Work request: Transcribe each line below verbatim; pictures excluded.

*** Data below Section Begins ***

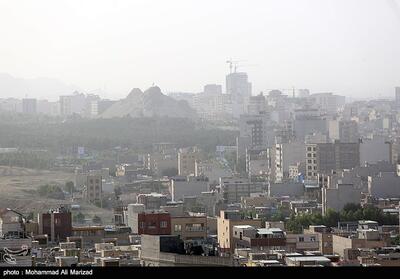 وزش باد شدید و گردو خاک قم را فرا می‌گیرد - تسنیم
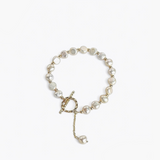T-bar pearl bracelet with freshwater pearls and 18K gold plated clasp in a minimalist design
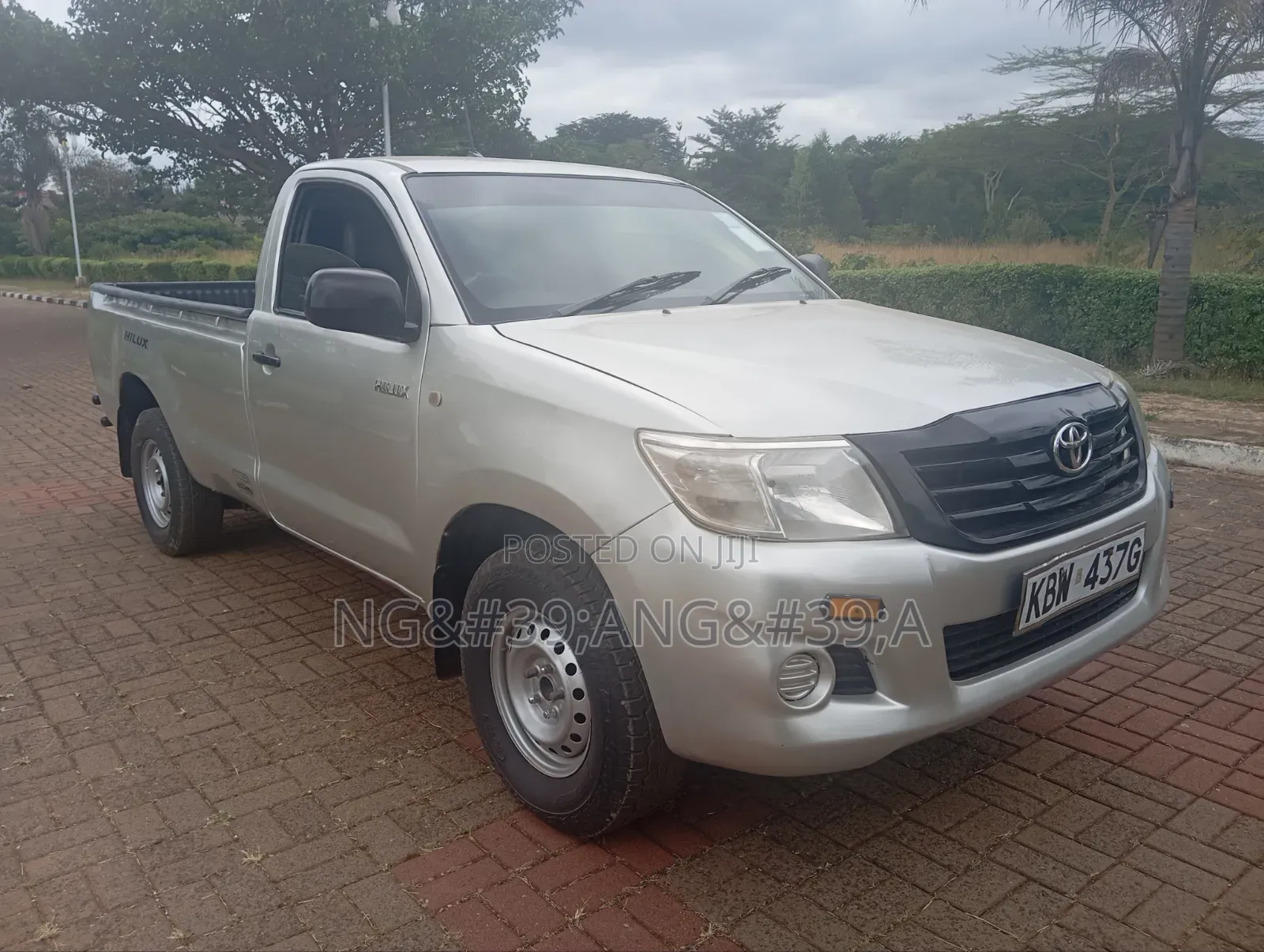 Toyota Hilux 2012 Silver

*** Data below Section Ends ***

Your solution:
 وزش باد شدید و گردو خاک قم را فرا می‌گیرد - تسنیم
T-bar pearl bracelet with freshwater pearls and 18K gold plated clasp in a minimalist design
 Toyota Hilux 2012 Silver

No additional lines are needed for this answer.